The Envision tool is applicable to all kinds of horizontal infrastructure, including but not limited to roads, bridges, wastewater treatment plants, landfills, water pipelines and airports. It is not designed for use with buildings, but can be applied at any point in the life cycle of a project. It provides metrics to demonstrate accomplishment.
Envision causes users to think about sustainability as they put projects together, and to consider best practices in doing so. Perhaps most importantly, Envision helps make a business case for sustainability. Metrics are always important and help measure progress and success. This is especially necessary when considering the addition of sustainable elements in public infrastructure because the common perception is they add cost… cost without benefits.
Unlike in the private sector, where profits are a ready measure of success, things are more complicated in the public sector. There are no profits; only voter, taxpayer and customer satisfaction and an unending quest for the efficient use of scarce resources, often manifested in procurement systems which value low bids above most else. Sustainability resists that easy resolution. It requires we look ahead and assess benefits other than initial bid costs and take into account those benefits over the entire life of a piece of infrastructure.
Envision is not a decision making tool; it guides planning and design. It is intended to supplement other tools currently available, not take their place. It does introduce considerations of sustainability at points where, without the application of a tool designed for that purpose, it might otherwise not happen at all. Envision can be used for individual projects or to weave together separate pieces of infrastructure throughout a community.

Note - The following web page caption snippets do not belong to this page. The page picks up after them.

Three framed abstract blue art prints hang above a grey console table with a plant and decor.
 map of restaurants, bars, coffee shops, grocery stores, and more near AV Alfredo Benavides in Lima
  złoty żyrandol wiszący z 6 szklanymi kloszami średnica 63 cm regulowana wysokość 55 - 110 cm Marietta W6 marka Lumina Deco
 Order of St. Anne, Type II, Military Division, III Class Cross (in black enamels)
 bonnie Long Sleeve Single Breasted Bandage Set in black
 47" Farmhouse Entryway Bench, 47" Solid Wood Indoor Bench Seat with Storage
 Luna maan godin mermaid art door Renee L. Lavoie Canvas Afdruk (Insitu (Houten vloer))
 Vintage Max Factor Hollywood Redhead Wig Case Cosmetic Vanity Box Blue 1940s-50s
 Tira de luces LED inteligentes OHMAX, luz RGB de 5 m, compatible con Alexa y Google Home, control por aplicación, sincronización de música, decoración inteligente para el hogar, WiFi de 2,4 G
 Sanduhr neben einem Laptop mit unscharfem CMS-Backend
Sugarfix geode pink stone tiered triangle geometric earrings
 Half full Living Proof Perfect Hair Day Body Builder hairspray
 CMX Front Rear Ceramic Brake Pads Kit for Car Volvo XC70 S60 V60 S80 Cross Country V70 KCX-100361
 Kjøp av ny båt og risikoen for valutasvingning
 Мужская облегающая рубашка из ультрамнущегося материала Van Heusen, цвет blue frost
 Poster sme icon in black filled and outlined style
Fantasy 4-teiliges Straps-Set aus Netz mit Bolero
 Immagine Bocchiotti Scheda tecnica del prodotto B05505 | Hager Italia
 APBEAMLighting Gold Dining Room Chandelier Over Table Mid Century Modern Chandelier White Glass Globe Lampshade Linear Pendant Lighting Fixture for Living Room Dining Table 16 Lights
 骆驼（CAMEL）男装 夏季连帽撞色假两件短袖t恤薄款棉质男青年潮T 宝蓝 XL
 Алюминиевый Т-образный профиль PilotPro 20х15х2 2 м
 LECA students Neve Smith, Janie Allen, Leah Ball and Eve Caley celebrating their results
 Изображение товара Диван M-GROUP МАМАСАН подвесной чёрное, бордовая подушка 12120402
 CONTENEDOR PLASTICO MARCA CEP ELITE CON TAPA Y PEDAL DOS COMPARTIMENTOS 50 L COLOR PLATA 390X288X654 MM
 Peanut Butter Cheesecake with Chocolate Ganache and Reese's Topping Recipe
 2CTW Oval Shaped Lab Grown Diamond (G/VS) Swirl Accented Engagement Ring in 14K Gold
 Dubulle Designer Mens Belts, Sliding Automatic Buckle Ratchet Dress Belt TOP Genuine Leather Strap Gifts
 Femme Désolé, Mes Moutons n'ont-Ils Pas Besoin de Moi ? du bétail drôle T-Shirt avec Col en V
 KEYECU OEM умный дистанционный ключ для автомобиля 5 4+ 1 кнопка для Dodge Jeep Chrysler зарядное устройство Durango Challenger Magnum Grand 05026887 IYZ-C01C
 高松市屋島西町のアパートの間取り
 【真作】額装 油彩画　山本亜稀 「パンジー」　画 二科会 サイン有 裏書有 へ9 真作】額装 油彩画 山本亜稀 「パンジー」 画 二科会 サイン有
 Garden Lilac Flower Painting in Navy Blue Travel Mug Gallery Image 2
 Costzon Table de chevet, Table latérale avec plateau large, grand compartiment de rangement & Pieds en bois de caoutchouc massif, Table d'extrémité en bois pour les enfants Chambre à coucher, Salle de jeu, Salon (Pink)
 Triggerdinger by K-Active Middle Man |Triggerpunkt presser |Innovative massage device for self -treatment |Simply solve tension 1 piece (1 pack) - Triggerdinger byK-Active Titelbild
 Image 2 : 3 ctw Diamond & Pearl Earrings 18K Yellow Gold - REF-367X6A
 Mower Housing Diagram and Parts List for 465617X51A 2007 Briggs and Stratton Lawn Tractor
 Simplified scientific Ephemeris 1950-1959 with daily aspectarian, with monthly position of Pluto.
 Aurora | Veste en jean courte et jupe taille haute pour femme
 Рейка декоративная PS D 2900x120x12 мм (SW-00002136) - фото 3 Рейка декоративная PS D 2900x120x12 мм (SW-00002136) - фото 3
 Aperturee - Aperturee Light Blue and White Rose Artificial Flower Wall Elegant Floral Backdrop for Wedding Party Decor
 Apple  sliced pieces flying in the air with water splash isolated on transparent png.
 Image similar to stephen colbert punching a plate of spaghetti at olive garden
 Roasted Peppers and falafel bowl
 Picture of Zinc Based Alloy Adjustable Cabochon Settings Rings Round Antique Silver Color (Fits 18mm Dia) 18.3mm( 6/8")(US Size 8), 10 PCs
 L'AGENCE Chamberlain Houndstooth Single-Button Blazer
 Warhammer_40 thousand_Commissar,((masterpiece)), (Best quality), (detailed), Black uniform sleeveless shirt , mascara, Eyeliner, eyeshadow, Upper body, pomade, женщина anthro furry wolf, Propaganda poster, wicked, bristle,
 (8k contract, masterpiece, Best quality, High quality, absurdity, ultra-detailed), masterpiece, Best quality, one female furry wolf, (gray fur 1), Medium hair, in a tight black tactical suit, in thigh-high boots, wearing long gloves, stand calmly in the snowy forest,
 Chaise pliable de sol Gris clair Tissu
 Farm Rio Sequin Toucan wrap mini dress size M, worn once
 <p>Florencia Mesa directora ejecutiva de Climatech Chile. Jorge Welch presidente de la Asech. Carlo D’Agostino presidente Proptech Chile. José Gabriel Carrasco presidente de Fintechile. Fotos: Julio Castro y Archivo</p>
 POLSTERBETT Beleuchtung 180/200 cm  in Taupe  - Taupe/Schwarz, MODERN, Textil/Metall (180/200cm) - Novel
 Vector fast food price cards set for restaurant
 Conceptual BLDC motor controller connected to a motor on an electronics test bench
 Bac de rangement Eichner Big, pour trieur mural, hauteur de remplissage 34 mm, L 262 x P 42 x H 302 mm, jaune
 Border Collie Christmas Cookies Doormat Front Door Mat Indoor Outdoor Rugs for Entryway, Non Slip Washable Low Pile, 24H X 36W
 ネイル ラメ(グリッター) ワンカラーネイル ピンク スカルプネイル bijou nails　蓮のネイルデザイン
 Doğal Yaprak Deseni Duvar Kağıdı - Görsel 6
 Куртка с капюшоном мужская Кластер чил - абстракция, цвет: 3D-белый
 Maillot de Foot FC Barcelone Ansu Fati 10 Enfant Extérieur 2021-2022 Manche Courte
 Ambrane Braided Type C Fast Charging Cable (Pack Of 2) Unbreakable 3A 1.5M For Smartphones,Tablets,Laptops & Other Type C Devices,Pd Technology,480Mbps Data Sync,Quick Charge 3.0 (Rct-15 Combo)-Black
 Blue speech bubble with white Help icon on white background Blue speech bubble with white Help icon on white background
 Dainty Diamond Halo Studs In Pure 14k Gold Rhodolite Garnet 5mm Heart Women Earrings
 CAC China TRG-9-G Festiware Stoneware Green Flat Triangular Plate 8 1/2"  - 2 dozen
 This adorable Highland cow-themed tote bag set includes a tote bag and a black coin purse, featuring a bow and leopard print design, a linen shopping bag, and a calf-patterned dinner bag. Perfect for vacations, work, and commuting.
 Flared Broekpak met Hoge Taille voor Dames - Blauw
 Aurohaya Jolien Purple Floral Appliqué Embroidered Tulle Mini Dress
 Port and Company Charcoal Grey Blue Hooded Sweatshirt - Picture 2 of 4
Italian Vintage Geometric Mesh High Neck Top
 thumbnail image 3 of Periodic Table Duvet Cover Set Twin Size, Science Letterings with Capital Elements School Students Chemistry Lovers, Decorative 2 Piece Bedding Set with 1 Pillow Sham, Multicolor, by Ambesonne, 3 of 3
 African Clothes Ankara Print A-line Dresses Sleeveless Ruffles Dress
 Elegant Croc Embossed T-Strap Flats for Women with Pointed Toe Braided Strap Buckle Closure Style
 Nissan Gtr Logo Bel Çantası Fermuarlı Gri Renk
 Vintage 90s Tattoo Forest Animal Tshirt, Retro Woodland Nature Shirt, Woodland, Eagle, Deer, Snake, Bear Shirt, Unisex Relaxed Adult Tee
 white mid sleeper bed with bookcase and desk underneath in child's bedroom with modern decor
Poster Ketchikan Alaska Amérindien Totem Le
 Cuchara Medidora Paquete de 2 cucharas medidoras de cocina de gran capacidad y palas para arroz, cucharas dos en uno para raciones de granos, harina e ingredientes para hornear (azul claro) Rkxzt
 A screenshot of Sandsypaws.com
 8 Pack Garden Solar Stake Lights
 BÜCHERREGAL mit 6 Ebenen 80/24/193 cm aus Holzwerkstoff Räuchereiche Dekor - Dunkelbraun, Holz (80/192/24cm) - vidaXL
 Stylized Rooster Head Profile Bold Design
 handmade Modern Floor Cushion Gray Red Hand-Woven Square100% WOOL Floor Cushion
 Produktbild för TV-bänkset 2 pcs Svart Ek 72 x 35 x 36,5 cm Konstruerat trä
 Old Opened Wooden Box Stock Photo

In truth, its most important application is at the community level where it can provide a holistic framework for all infrastructure decisions.
Although this may sound logical and simple, adding additional steps to the planning process can be time consuming and/or expensive for small and medium sized communities — and Envision itself is a sophisticated and comprehensive tool. It takes work and some resources to use properly. So ISI has developed a complimentary and easy-to-use, inexpensive checklist which requires neither training nor expense. It’s web-based, free of charge and designed to provide a general sense of the sustainability of small projects. It can also be used as a barometer of sustainability for larger projects.
The ISI website, www.sustainableinfrastructure.org, in addition to the tool and the checklist, offers a low-cost, web-based training program for public employees to help them better use both Envision and the checklist. It is worth looking at.